Existe una crisis de la docencia en general, y de la profesión historiadora en particular. Conversaciones en la sala de profesores lo confirman: motivos económicos, simbólicos, epistemológicos, a los que se suma la agresiva competencia de la IA. Cuando la colega Magdalena Candioti advertía sobre sus riesgos para el pensamiento histórico, señalaba un peligro real: la ilusión de reducir el pasado a datos procesables, a relatos prefabricados.
Pero hay otra amenaza, más sutil y previa: nuestra propia complicidad en la mecanización del oficio.

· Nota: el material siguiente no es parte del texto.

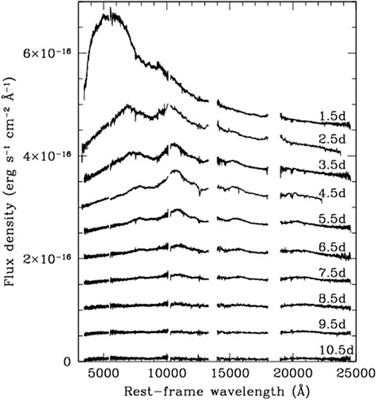 Mergers of Binary Neutron Star Systems: A Multimessenger Revolution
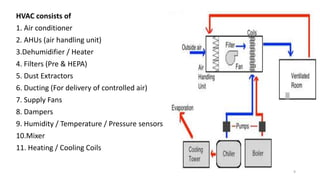 HVAC consists of
1. Air conditioner
2. AHUs (air handling unit)
3.Dehumidifier / Heater
4. Filters (Pre & HEPA)
5. Dust Extractors
6. Ducting (For delivery of controlled air)
7. Supply Fans
8. Dampers
9. Humidity / Temperature / Pressure sensors
10.Mixer
11. Heating / Cooling Coils
9
 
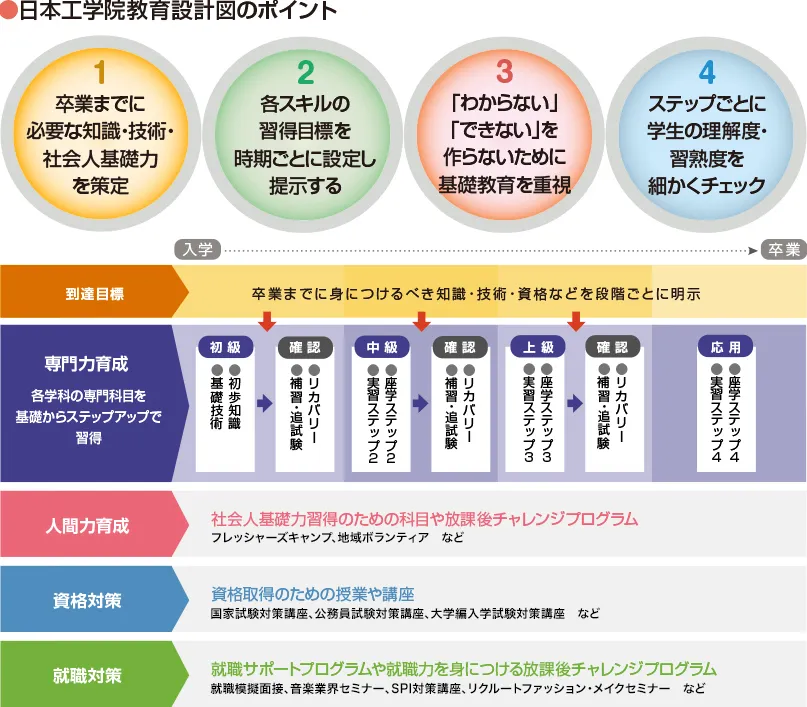 日本工学院教育設計図のポイントをまとめた解説図
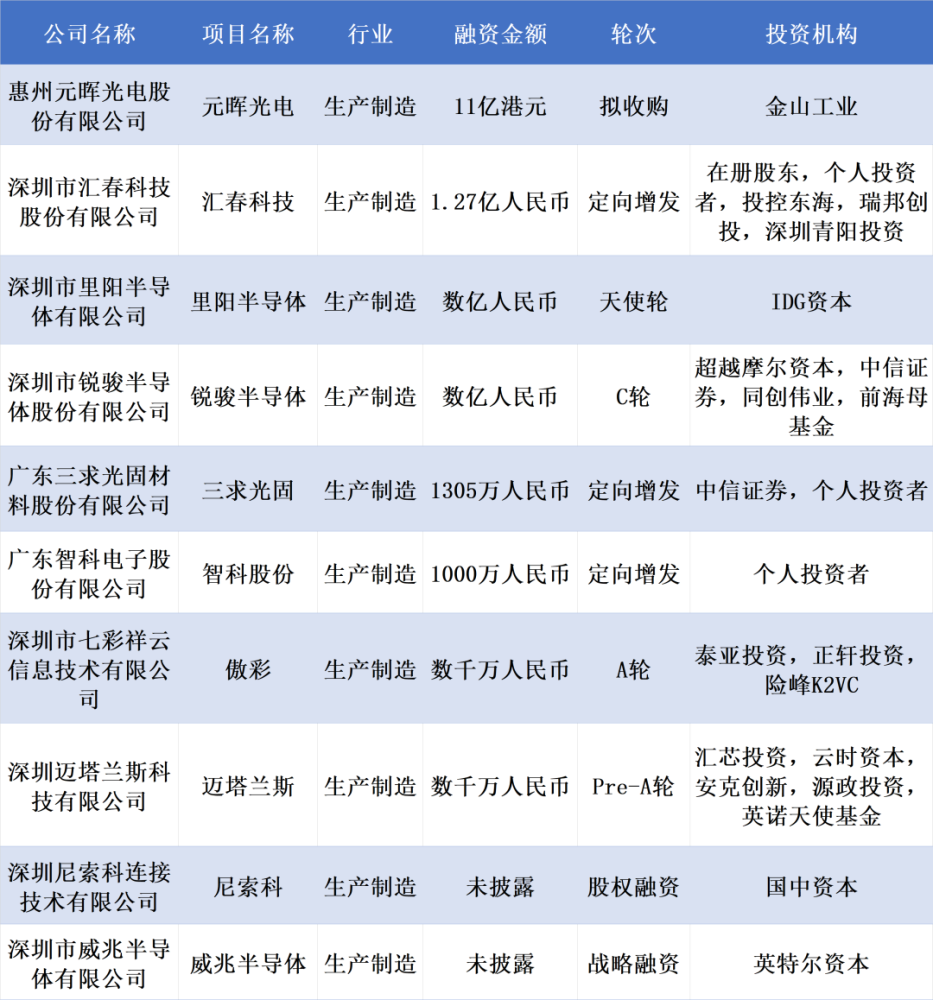 利民推出新款AXP-120X67白色ARGB下压式散热器杨洋作文网课2023已更新(哔哩哔哩/今日)杨洋作文网课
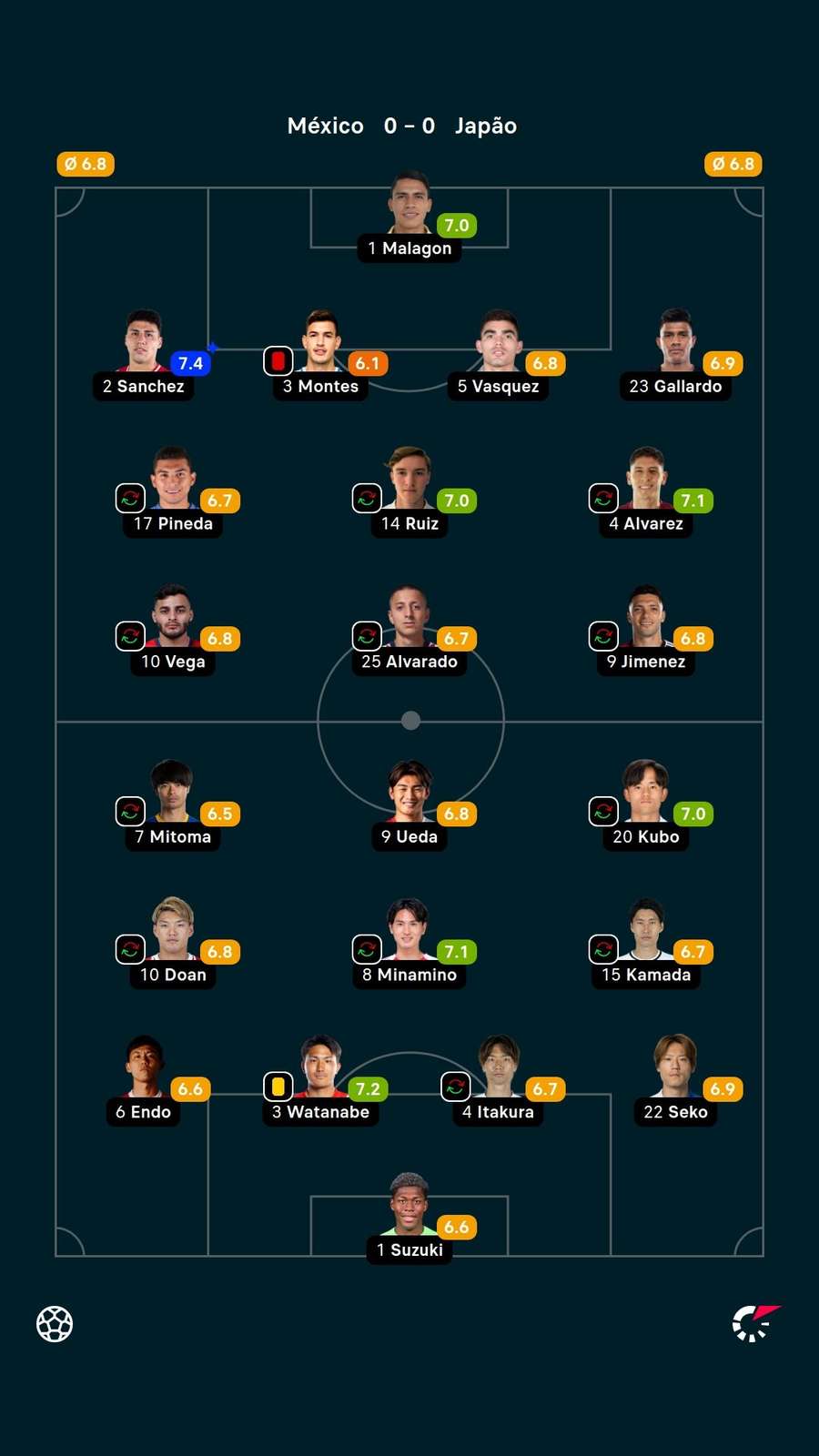 Notas dos jogadores Notas dos jogadores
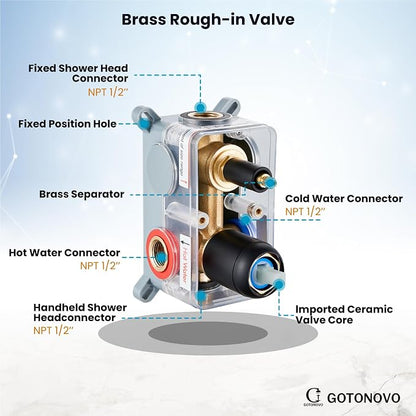 gotonovo High Pressure Shower System Valve and Trim Kit,Matte Black | Round Rain 10 Inch Shower Head with Handheld Faucet Set Complete,Rough In Valve,2-in-1 Diverter,All Metal,Bathroom Wall Mount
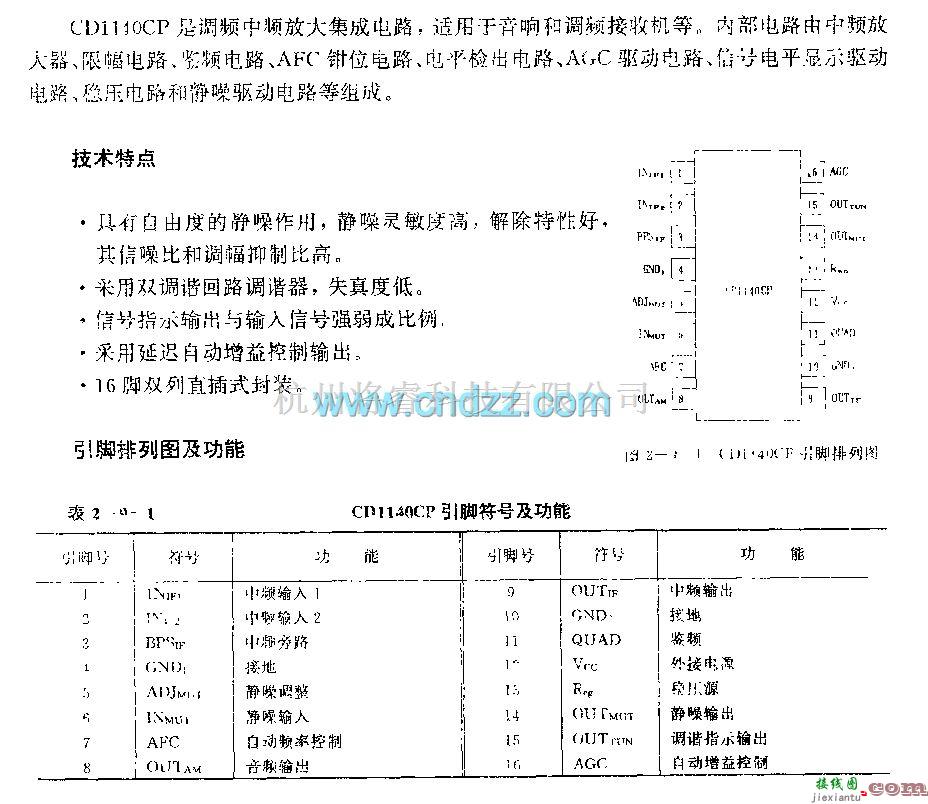 遥控接收中的CDll4CP (音响和调频接收机)调级中额放大电路  第1张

Durante décadas, la profesionalización académica nos convirtió en productores de papers evaluados por índices de impacto, en burócratas del conocimiento que miden su prestigio en citas y no en ideas. La paradoja es amarga: justo cuando las máquinas amenazan con reemplazarnos, descubrimos que ya funcionábamos como ellas.
Frente a esto, la IA no es solo un desafío técnico; es una pregunta existencial. ¿Aceptaremos que nos reduzcan a correctores de algoritmos, o usaremos esta crisis para recuperar lo que nunca debimos perder?
Porque si hay algo que la máquina no puede imitar —al menos no de manera genuina— es esa chispa de imaginación que convierte los datos en historias, los archivos en dramas humanos. Aceptar el desafío de crear, de narrar contra la corriente, no es solo defender nuestro lugar como historiadores: es reivindicar nuestra condición humana en un mundo que busca automatizarlo todo.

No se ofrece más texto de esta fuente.